Cass.civ. 3ème, 5 novembre 2020, n°19-18.284
L’assureur dommages-ouvrage est un assureur de choses qui a vocation à préfinancer le coût des travaux de réparation des dommages de nature décennale par le versement d’une indemnité à son assuré.
Il n’est pas destiné à supporter la charge finale du sinistre et peut exercer un recours à l’encontre des constructeurs responsables de plein droit au regard des articles 1792 et suivants du code civil.
La recevabilité de l’action subrogatoire de l’assureur dommages-ouvrage n’est pas subordonnée au paiement préalable de l’indemnité d’assurance.
La jurisprudence de la Cour de cassation confirme de nouveau cette solution.
Le problème est le suivant. Lorsque l’assuré lui a déclaré un sinistre survenu en fin de garantie décennale et qu’il n’a pas encore pris position sur sa garantie ou payé l’indemnité, l’assureur dommages-ouvrage doit pouvoir préserver ses recours à l’encontre des constructeurs responsables. Cette situation pose une difficulté puisqu'à ce stade de la procédure, l'assureur dommages-ouvrage ne dispose pas encore d'un intérêt à agir au sens de l'article 122 du code de procédure civile. On ne peut pas considérer que ce dernier est subrogé dans les droits de l'assuré puisque l'indemnité ne lui a pas encore été versée comme le prévoit l'article L 121-12 du code des assurances.

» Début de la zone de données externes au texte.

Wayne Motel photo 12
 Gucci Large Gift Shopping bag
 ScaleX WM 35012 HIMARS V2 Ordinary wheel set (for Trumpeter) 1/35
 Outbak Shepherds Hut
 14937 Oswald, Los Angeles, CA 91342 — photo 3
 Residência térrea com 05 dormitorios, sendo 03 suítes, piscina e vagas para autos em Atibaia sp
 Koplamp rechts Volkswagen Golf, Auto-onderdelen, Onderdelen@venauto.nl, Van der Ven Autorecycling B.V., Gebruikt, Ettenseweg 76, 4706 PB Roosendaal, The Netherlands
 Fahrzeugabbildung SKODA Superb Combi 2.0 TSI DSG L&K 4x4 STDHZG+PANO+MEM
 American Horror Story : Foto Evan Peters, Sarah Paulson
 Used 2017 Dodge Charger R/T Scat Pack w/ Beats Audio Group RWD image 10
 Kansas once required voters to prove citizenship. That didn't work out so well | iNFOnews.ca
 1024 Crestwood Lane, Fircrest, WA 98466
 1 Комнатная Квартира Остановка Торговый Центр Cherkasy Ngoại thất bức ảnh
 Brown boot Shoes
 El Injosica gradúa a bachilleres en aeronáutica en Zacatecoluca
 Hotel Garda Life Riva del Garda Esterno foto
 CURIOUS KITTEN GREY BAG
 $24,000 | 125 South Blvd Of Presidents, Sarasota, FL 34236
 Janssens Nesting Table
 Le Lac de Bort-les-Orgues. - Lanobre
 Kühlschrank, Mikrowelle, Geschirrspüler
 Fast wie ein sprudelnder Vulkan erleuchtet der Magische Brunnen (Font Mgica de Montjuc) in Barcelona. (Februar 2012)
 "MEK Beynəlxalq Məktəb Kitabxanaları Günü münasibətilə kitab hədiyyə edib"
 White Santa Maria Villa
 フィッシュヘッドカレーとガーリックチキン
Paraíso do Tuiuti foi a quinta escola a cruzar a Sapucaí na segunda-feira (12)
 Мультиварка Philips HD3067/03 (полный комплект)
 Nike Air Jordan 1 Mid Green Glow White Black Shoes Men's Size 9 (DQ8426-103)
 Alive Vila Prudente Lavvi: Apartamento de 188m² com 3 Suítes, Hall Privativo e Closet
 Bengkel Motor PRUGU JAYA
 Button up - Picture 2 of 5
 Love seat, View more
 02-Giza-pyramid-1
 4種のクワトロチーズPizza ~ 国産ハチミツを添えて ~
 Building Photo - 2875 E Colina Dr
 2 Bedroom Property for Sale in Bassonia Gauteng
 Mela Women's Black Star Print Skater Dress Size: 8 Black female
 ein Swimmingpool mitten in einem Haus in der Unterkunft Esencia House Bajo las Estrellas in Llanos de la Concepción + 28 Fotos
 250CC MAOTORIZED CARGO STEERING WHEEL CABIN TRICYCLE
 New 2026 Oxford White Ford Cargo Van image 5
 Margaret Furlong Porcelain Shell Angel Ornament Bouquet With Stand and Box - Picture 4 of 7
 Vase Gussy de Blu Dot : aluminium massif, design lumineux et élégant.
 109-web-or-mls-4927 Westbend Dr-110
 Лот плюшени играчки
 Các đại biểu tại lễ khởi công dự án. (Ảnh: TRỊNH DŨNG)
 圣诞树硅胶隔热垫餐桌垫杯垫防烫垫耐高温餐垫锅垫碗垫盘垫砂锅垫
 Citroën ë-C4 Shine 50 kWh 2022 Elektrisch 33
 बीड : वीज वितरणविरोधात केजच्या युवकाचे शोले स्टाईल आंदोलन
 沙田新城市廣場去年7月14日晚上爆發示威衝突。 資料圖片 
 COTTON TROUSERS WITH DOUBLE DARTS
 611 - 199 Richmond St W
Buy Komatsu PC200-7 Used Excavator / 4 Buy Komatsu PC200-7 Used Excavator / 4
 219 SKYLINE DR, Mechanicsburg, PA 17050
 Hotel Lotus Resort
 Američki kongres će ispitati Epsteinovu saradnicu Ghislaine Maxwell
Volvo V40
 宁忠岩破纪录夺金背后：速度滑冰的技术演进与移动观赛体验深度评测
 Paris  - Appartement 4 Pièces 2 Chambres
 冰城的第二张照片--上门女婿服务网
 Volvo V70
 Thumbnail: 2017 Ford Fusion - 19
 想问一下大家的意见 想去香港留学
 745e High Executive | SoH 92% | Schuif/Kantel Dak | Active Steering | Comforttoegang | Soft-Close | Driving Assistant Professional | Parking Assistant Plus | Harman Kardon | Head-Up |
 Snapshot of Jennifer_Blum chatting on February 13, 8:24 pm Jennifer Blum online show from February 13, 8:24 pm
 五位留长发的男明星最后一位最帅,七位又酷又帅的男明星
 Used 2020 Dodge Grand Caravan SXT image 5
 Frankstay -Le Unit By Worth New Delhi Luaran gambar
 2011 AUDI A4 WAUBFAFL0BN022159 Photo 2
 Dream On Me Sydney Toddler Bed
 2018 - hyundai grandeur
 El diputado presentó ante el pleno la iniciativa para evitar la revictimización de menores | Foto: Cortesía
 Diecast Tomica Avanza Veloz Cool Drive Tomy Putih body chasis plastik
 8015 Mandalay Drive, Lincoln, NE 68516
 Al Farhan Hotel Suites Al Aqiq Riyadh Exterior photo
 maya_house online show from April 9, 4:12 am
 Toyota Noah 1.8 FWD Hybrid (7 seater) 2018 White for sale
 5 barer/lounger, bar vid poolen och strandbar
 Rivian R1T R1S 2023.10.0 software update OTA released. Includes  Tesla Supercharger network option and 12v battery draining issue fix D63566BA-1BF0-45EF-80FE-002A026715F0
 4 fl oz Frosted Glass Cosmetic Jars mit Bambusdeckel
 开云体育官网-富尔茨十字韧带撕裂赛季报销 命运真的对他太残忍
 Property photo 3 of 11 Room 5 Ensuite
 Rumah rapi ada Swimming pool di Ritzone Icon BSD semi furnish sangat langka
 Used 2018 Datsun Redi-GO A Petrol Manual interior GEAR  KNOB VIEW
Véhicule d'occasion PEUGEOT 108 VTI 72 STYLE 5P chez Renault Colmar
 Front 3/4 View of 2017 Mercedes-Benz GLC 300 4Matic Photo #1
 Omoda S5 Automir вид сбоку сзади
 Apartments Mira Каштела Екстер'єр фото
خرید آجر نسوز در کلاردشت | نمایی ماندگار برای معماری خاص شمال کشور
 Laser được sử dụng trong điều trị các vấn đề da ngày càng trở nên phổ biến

Dans ce cas de figure, la jurisprudence admet de longue date la subrogation par anticipation de l’assureur dommages-ouvrage permettant à celui-ci d’interrompre le délai de forclusion alors qu’il n’a pas encore indemnisé son assuré (cass.civ.3, 29 mars 2000, 98-19.505, cass.civ.3, 30 janvier 2008, 06-19.100, cass.civ.3, 7 avril 2015, 14-12.212).
Est ainsi recevable l’action exercée par l’assureur avant l’expiration du délai de forclusion décennale contre les responsables des dommages dont il doit la garantie, bien qu’il n’ait pas eu au moment de la délivrance de l’assignation la qualité de subrogé faute d’avoir encore indemnisé son assuré. Ainsi, l’action subrogatoire de l’assureur dommages-ouvrage peut prospérer pourvu qu'il ait payé l’indemnité due à son assuré avant que le juge du fond n’ait statué (cass.civ.1, 9 octobre 2001, 98-18.378, cass.civ.3, 9 juillet 2003, 02-10.270, cass.civ.3, 10 décembre 2003, 01-00.614, cass.civ.3, du 21 janvier 2004, 02-14.391, cass.civ.2, 16 octobre 2008, 07-19.272, cass.civ.3, 29 septembre 2016, 15-22.187).
Cette solution est rappelée par la 3ème chambre civile dans sa décision du 5 novembre 2020.